The key to buying the most energy efficient HVAC systems lies in understanding all the efficiency ratings used in the industry. There are basically five efficiency ratings that every consumer needs to understand before making a decision to purchase any type of HVAC equipment. They are:
Energy Efficiency Ratio (EER)
The EER is a measure of the cooling power of an air conditioning system per unit of power consumed. It is calculated by dividing the cooling power provided by an AC per hour by the number of watts of electricity consumed. The measurements obtained during the hottest day of the season are normally used to calculate the EER of an air conditioner. Simply put, EER is meant to give consumers an idea of the cooling power to expect from an AC for every dollar spent on electricity.
Seasonal Energy Efficiency Ratio (SEER)
While the EER only measures the energy efficiency of the AC on the hottest day of the season, SEER gives the average efficiency for the whole season, so it is a more reliable efficiency rating for air conditioners. It is obtained by dividing the output power of an AC (in BTUs) throughout the season by the total energy consumed by the machine throughout the season. Air conditioners can have SEER ratings ranging from 13 to 22, the latter being the most energy efficient device.

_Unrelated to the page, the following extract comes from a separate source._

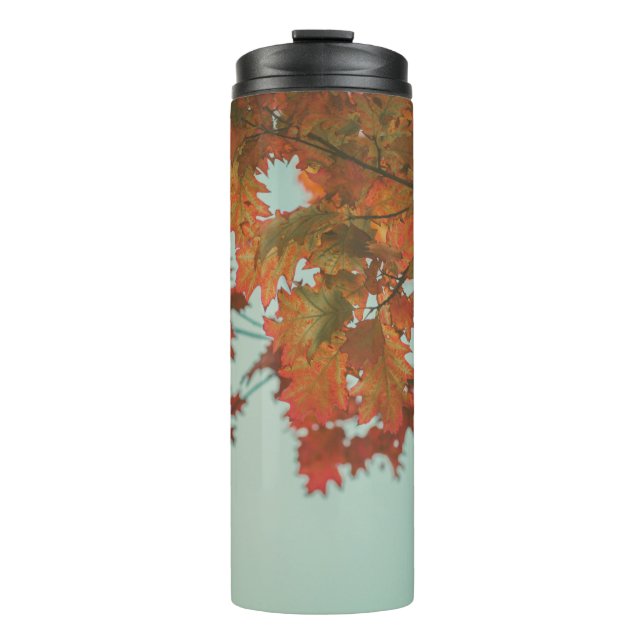 ROTBELaubter Baum Thermosbecher (Vorderseite)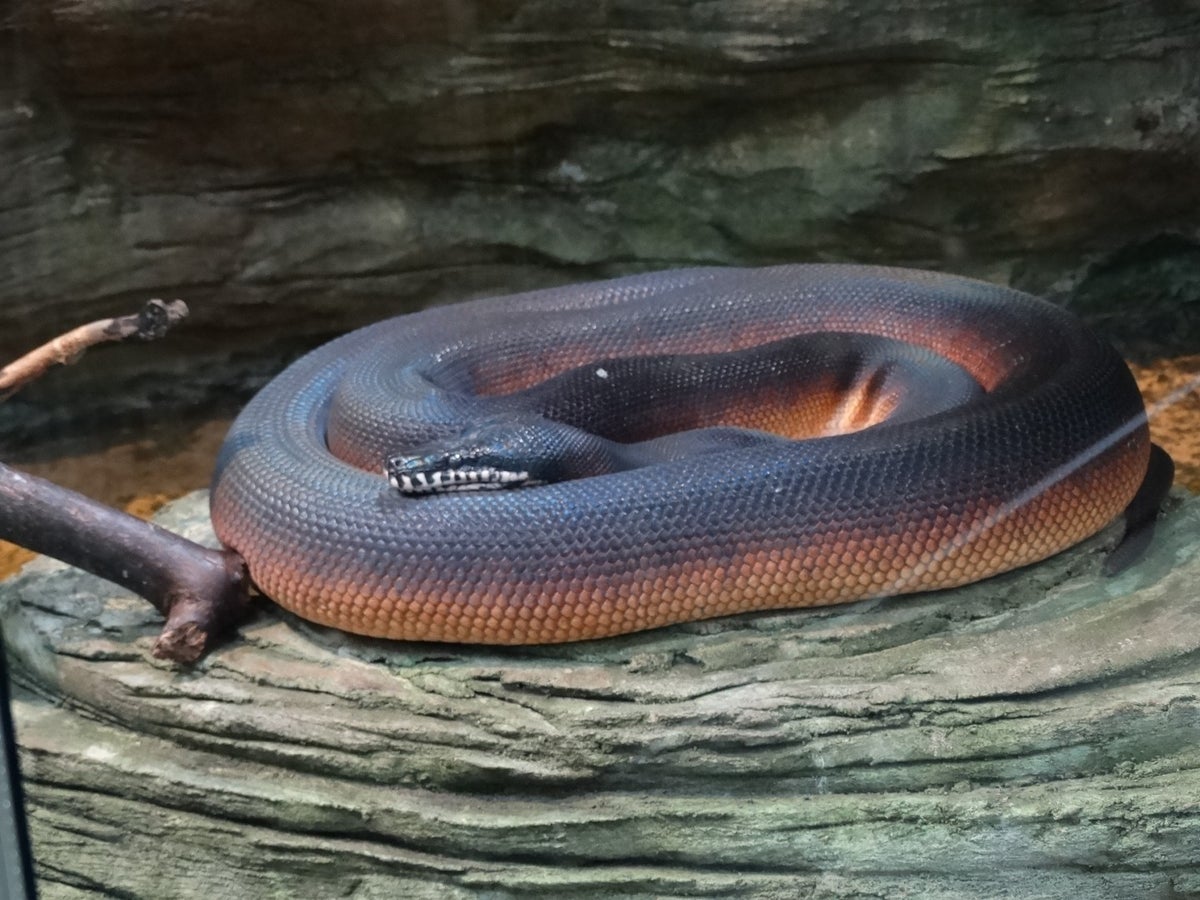 pythons / Pythonoidea / slangen / schubreptielen (slangen, hagedissen ...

This is a popular efficiency rating devised by the EPA. Tests are normally done to determine the performance and energy efficiency of Energy Star-rated HVAC equipment to determine if they can give consumers great value for money while contributing to nationwide energy savings. While these devices are a little bit more expensive than their inefficient counterparts, the price difference can easily be recovered in energy savings realized over time.
Heating Seasonal Factor Performance (HSFP)
This rating measures the efficiency of the heating element of a heat pump. It is obtained by dividing output heating power by the input electrical energy.
Minimum Efficiency Reporting Value (MERV)
This is a rating for air filters in HVAC equipment. Filters with smaller holes are deemed to be more efficient. MERV rating starts from 1 to 16, with the latter being the highest efficiency.